What is required: The entries below are to be copied exactly, with nothing left out.
[Opening Data to process section]
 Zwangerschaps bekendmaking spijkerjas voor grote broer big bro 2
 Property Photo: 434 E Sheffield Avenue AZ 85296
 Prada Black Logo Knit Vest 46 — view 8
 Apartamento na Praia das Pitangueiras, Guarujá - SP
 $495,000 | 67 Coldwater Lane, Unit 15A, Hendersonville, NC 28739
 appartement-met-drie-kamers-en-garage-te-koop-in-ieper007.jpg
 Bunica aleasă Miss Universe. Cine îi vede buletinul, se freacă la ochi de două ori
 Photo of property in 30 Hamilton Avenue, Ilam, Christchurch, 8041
[Closing Data to process section]
Answer below:
 Zwangerschaps bekendmaking spijkerjas voor grote broer big bro 2
 Property Photo: 434 E Sheffield Avenue AZ 85296
 Prada Black Logo Knit Vest 46 — view 8
 Apartamento na Praia das Pitangueiras, Guarujá - SP
 $495,000 | 67 Coldwater Lane, Unit 15A, Hendersonville, NC 28739
 appartement-met-drie-kamers-en-garage-te-koop-in-ieper007.jpg
 Bunica aleasă Miss Universe. Cine îi vede buletinul, se freacă la ochi de două ori
 Photo of property in 30 Hamilton Avenue, Ilam, Christchurch, 8041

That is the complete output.